Comment l’Open Source Intelligence a aidé à mettre au jour les activités de Wagner en Centrafrique

Les journalistes se sont interrogés sur l’avenir de leur métier lors du forum « Mieux informer demain » organisé par CFI, filiale du groupe France Médias Monde. Certains prônent l’usage de l’Open Source intelligence (Osint), consistant à trouver des informations en accès libre en ligne. Une méthode qui a porté ses fruits pour épingler les activités du groupe Wagner en Afrique.

Le principe de l’Osint (Open Source Intelligence, renseignement en sources ouvertes, en français) est de rechercher et de fouiller dans toutes les sources d’information disponibles en ligne et en accès libre, que ce soit « sur les réseaux sociaux, sur Internet ou aussi dans des archives de journaux en ligne, explique Dimitri Zufferey, journaliste à la Radio Télévision Suisse (RTS) et l’un des membres du collectif All Eyes on Wagner. Ces informations peuvent être trouvées par n’importe quel citoyen ou citoyenne, puisqu’il suffit de quelques connaissances de base pour bien chercher sur Internet. » Après cette première partie du travail, il faut ensuite analyser, vérifier. « On peut essayer de faire de la géolocalisation. On va vérifier, contrebalancer toutes les informations. »

Un tweet et un article pour enquêter

Avec un simple tweet et un article dans la presse russe, All Eyes on Wagner a pu révéler les liens qu’entretenait l’entreprise centrafricaine Bois Rouge avec le groupe Wagner. « Chaque fois qu’il a été fait mention d’une société impliquant des Russes et des Centrafricains, on a commencé à creuser et à recouper toutes les informations en ligne pour essayer de savoir quels étaient les liens entre cette société et la milice privée Wagner », précise Dimitri Zufferey, interrogé par Christina Okello, du service Afrique.
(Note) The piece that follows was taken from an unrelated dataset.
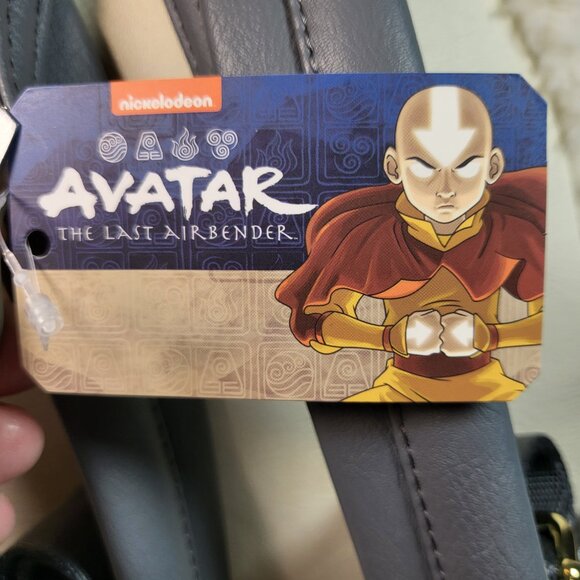 Nickelodeon Avatar: The Last Airbender Appa Figural Fur Mini Backpack NEW - Picture 11 of 16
Grâce à ses enquêtes, le collectif a pu montrer l’exploitation intensive menée par la société centrafricaine Bois rouge en collectant des données accessibles en ligne, tels que des contrats ou des documents officiels. « Sans l’Osint, on n’aurait pas pu géolocaliser des photos, trouver des témoignages de soldats, par exemple des forces armées centrafricaines qui ont publié des informations sur les réseaux sociaux, raconte Dimitri Zufferey. Et grâce à ça, on a pu documenter la présence de Wagner dans les régions exploités au moment où la société Bois Rouge démarrait ses activités. On a pu montrer aussi que Wagner s’enrichissait en vendant des diamants et du bois précieux. Donc, sans l’Osint, nos enquêtes n’auraient pas été possibles, mais elles ont été complétées par du renseignement, par des contacts et des gens sur place. »

Un outil d’avenir

C’est aussi un outil d’avenir pour les journalistes africains. Il y a un intérêt grandissant sur le continent concernant ces nouvelles méthodes d’enquête. « Il y a de plus en plus de groupes et d’organisations qui forment des journalistes africains à cette technique », affirme le membre du collectif All Eyes on Wagner.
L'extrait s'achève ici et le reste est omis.